One thing to note is that temperature parameter is used to scale the logits
. So if we are using Greedy sampling i.e. choosing the token with highest logit value, then whatever value we use for temperature will not affect the result. The relative order of logits after scaling won’t change at all.
But this plays an important role when we actually sample i.e. randomly choose a token based on its probability. We convert the logits to probabilities (either raw logits or scaled by temperature) using softmax function, the probability will change depending on the temperature.
Let me give a concrete example. My prompt is microsoft to pay 3.5 billion to settle and I’m asking the model to predict the next token.
The model returns logits
or un-normalized scores for 30,522 tokens because that is the vocabulary size of the model. Below, I’ve only selected top 5 tokens (Top-K sampling) based on their logit values and then plotted the data.
Let’s first focus on the plot where temperature is 1.0 (temp@1) i.e. the logits are not changed because we are just dividing by 1. This will be our baseline to compare.
The token charges
has a probability of 0.29, and the word with
has probability of 0.26 and so on. This means, if we were to sample from this probability distribution, we have 28% chance of choosing the word charges
as next token, 17% chance of selecting the word anti
and 14% chance of selecting the word in
.
Now let’s switch to the case when we have the lowest temperature ([email protected]). Here we see the word charges
has 68% chance of being the next token and the word with
has 32%. The remaining 3 words have no chance at all. So basically we are “magnifying” the probability of tokens with slightly higher logits. This is what limits the “creativity” of the model by limiting the possible choices of tokens because many of them will have very low probability. This also means, that for tasks where such creativity is not needed, such as entity extraction, extractive question answering etc. lower temperature is more appropriate.
If we go a bit extreme and set the temperature to 10, we now see that the probabilities of all tokens are almost the same. If we were to sample from this distribution, all tokens have almost the same chance of being selected as next token. This also basically nullifies the “work” that the model has done and is almost equivalent to sampling from a uniform distribution. We could bascailly randomly select a token from the vocabulary instead of using a model! This is why almost all LLM apis limit the range of temperature between 0 and 1.
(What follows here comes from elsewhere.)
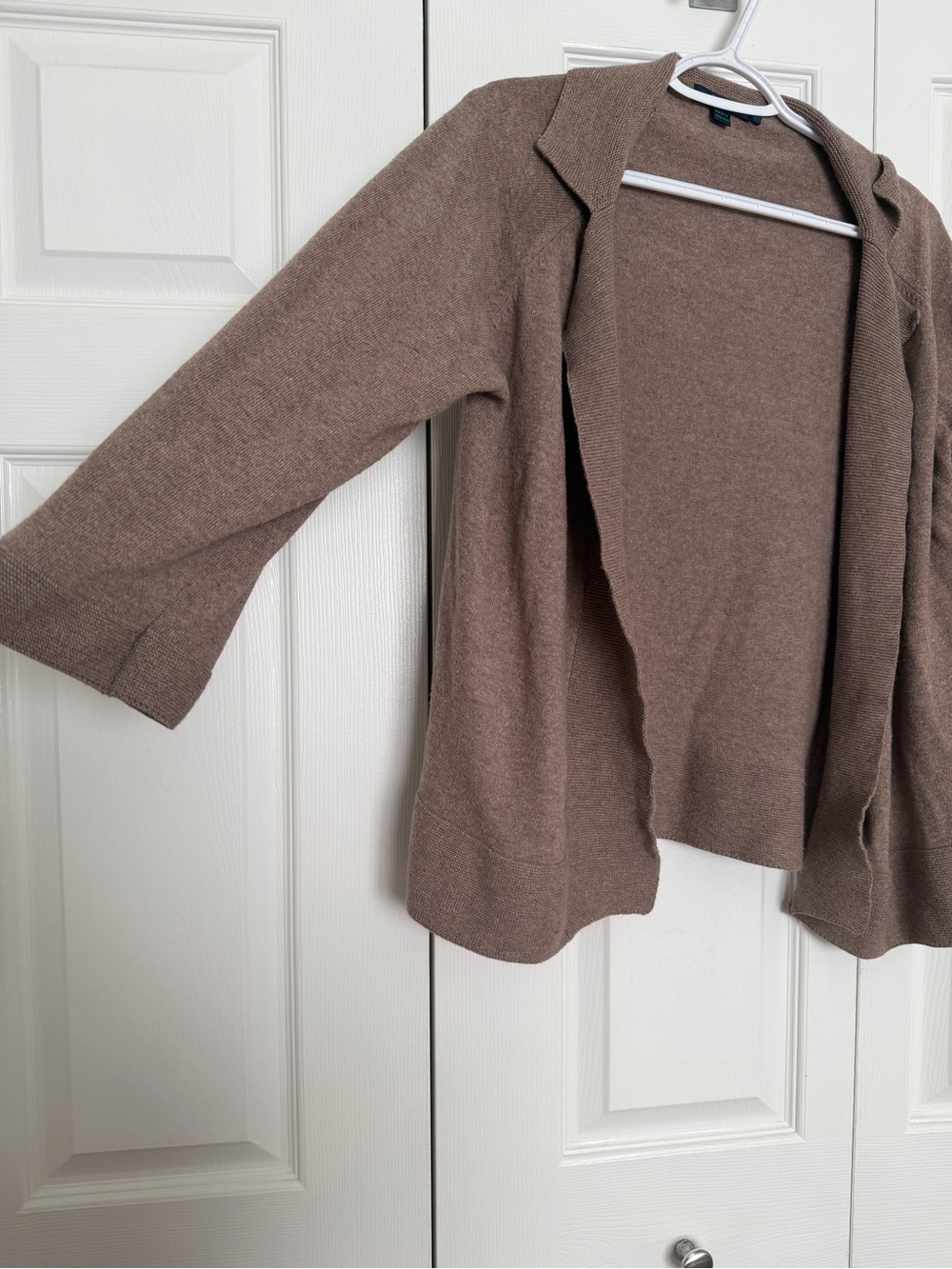 Boden vintage label Y2K Taupe Open Front Knit Cardigan Sweater - UK 14 - Picture 2 of 11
We can also calculate the entropy of the probability distribution from each temperature we used. As we increase the temperature, the entropy increases indicating more uncertainty. E.g. when temperature is 0.1, we only had two tokens with non-zero probability values so we are a bit more confident in which token will come next compared to the case when temperature is 10. In that case, all 5 tokens had almost the same probability so we are less certain about which token will be selected next.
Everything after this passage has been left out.